Despite the public apologies issued by J&J, both legislative and regulatory officials have been taking a hard line against the company.
“Over the last several years, FDA has had growing concerns about the quality of [McNeil Consumer Healthcare’s] manufacturing process,” remarked Joshua Sharfstein, FDA principal deputy commissioner, as part of his prepared remarks. “These concerns have led to a number of unsatisfactory inspections and consumer recalls,” he continued. “FDA has inspected the company’s facilities with an increased frequency, and in February 2010, the agency took the extraordinary step of convening a meeting with the management of the parent company, Johnson & Johnson, to express concern about a pattern of noncompliance.”
The meeting took place Feb. 19, Sharfstein testified, and included the president of McNeil, J&J’s group chairman and “a number of quality assurance executives from both companies.”
Sharfstein testified that “FDA requested that senior officials from Johnson & Johnson attend the meeting so they would be on notice regarding FDA’s rising concerns about whether McNeil’s corporate culture supported a robust quality system to ensure the purity, potency and safety of its products.”
Sharfstein also testified that of all the good manufacturing practices violations the agency identified at McNeil’s Fort Washington, Pa., plant, that the “pubic health risk from these quality problems is low.” The FDA did not find evidence that McNeil used raw materials that tested positive for bacterial contamination. And while there was a potential for higher concentrations of Tylenol per dropper, “none of the final products released for sale tested with high levels [of active ingredient].”

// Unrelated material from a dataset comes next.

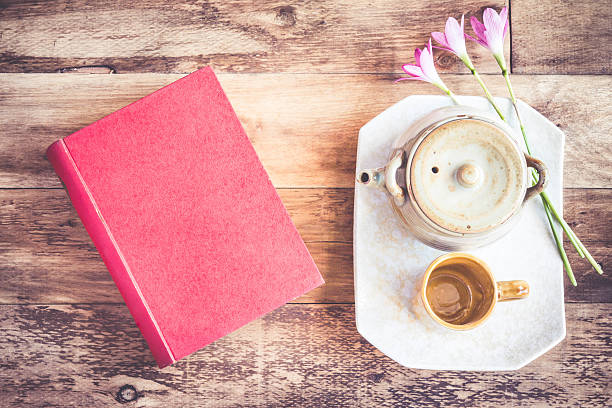 istock Tea cups with teapot with red book on old wooden. 479650412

Going forward, FDA plans to keep a close eye on McNeil operations, Sharfstein testified. What’s more, the FDA will take corporate culture into account in future reviews of any company. “One lesson to be drawn from the McNeil story is that it is important for the Agency to even more fully consider the corporate structure when investigating and enforcing the law,” Sharfstein testified. “[The] FDA will be developing new procedures to use what we learn at one facility in guiding our inspections of other facilities run by the same company.”